On a bit of a different note, there are also emergent plants that can negatively impact the environment of your pond. Giant Reed, also known as Phragmites can grow in just about any type of wetland. If it becomes established on the edge of your pond, it will reproduce rapidly and take over the shoreline. This creates issues for pond owners because the plant can grow up to 15 feet tall, blocking the view and limiting access points. This plant reproduces from seeds but more commonly by sprouting off of underground stems, also known as rhizomes. The reed does not provide a benefit to wetland species because the clusters are too dense to provide habitat, and it doesn't supply a food source.
Mechanical removal, chemical treatments, and prescribed burning are all methods that can be used to eradicate Giant Reed from your pond. Giant Reed is so resilient that using multiple methods of removal is often necessary. Applying a chemical treatment and allowing it to do its job for a couple of weeks is the best way to start the process. After the chemical treatment has had time to work, physical removal should be considered. Physical removal includes mowing, weed whacking, and in serious situations, prescribed burning or excavating. As with all other aquatic invasive species, prevention is key.
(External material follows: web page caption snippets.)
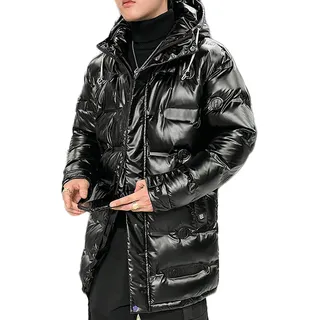 G&F Herren Daunenjacke Mittlere Länge Daunenmantel Pufferjacke Isoliert Warm Leuchtenden Wintermantel (Color : Black, Size : Medium)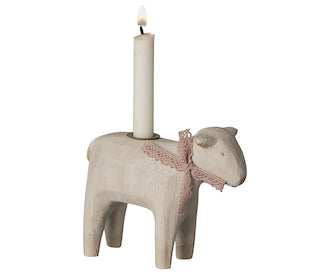 Maileg lamb candle holder rose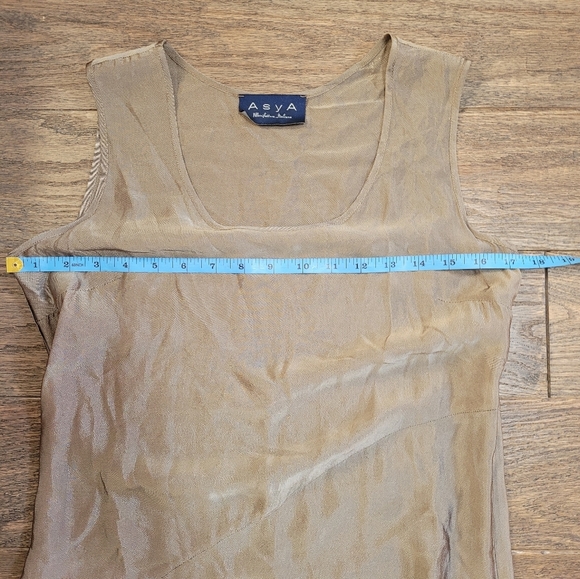 Asya Italian Design Sheer Tan High Low sleeveless Dress Small - Picture 8 of 13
Always make sure your boats and equipment are clean and dry before bringing them anywhere near your pond, and remember to keep on top of these species if they are ever established in your pond to ensure that they don't grow back in later years.
To avoid future headaches, always be mindful of species that may be coming in contact with your gear. If you use a boat in a water body that is known to have aquatic invasives, be sure to drain all water from the boat and allow it to dry for at least a few days before bringing it back to your personal pond. Being aware of what you are bringing into your pond could save you the trouble, as well as a lot of time and money, of having to deal with aquatic invasive species.